Code that merges multiple JSON files into one JSON file
import json
import csv
import glob
import os
import ast
#create and open output file
if not os.path.exists("json_merged/"):
os.makedirs("json_merged/")
outfile_name = "json_merged/halftime_show_merged.json"
print "Merging jsons"
with open(outfile_name, "a") as outfile:
path = "C:\python27\streaming data\*.json"
for json_file in glob.glob(path):
#open json file and parse data while writing into output file
with open(json_file, 'r') as open_json_file:
outfile.write(open_json_file.read())
Now the data is a little easier to handle, from a few hundred files down to four. But, we still need to pull out the information we need and put it into csv format. To do this we wrote another short python script that loads in our large json file and parses each tweet for the data we are looking for.

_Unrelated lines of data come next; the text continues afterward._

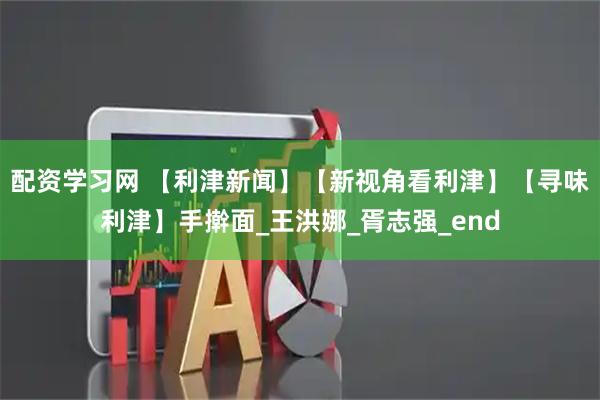 配资学习网 【利津新闻】【新视角看利津】【寻味利津】手擀面_王洪娜_胥志强_end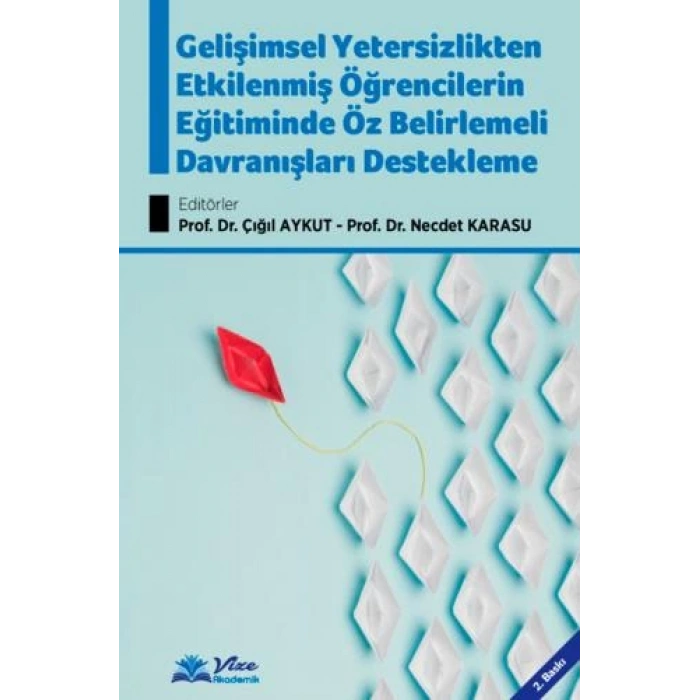 GELİŞİMSEL YETERSİZLİKTEN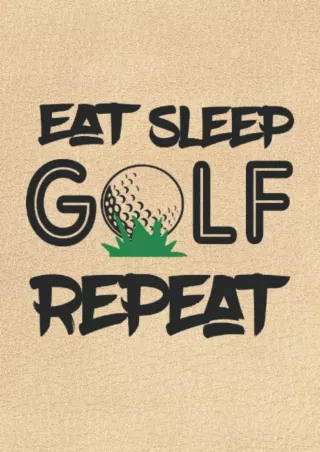Read ebook [PDF] Golf Log book: (Eat Sleep GOLF Repeat) , Golf Scoring Book ,Golfers Journal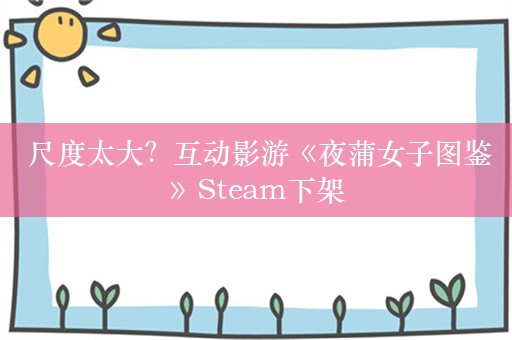  尺度太大？互动影游《夜蒲女子图鉴》Steam下架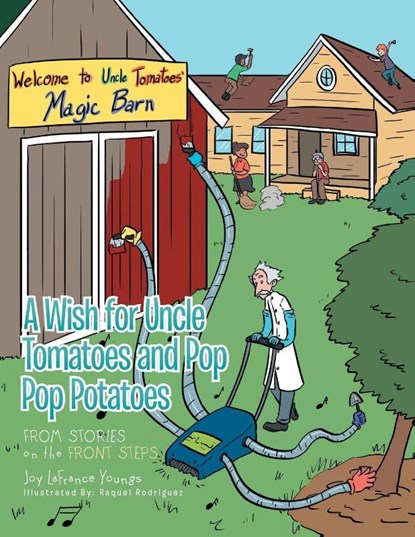 A Wish for Uncle Tomatoes and Pop Pop Potatoes, Joy LaFrance Youngs - Paperback - 9781524653965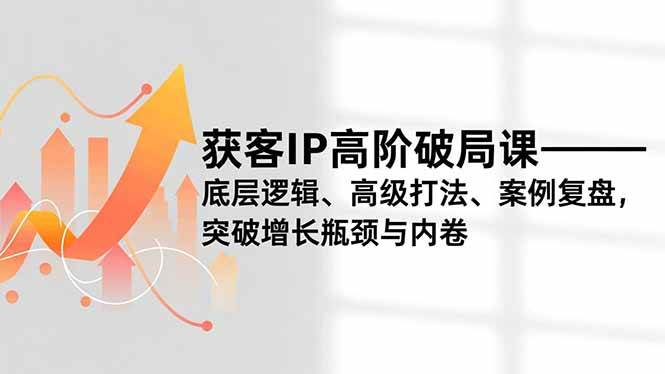 （16804期）获客IP高阶破局课，底层逻辑、高级打法、案例复盘，突破增长瓶颈与内卷-佳佳云创网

Code that writes each line (tweet) from JSON file to a CSV file in CSV format
import json
import csv
import os
import ast
with open ("C:\python27\scripts\json_merged\halftime_show.cvs", "a") as out_file:
#create csv writer
csv = csv.writer(out_file)
#write header to out file
print >> out_file, 'tweet_id, tweet_time, tweet_author, tweet_author_id, tweet_language, tweet_geo, tweet_text'
#open json file and parse data
with open("C:\python27\scripts\json_merged\halftime_show_merged.json", 'r') as open_json_file:
#Get each tweet
for line in open_json_file:
try:
tweet = json.loads(line)
# row represents the attributes we are pulling from each tweet
row = (
tweet['id'], # tweet_id
tweet['created_at'], # tweet_time
tweet['user']['screen_name'], # tweet_author
tweet['user']['location'], # tweeter location
tweet['user']['id_str'], # tweet_authod_id
tweet['lang'], # tweet_language
tweet['geo'], # tweet_geo
tweet['text'], # tweet_text
tweet['timestamp_ms'] # tweet time in ms
)
values = [(value.encode('utf8') if hasattr(value, 'encode') else value) for value in row]
csv.writerow(values)
except:
pass
After running this script the tweets are now in a clean csv file that can be imported to R studio for analysis.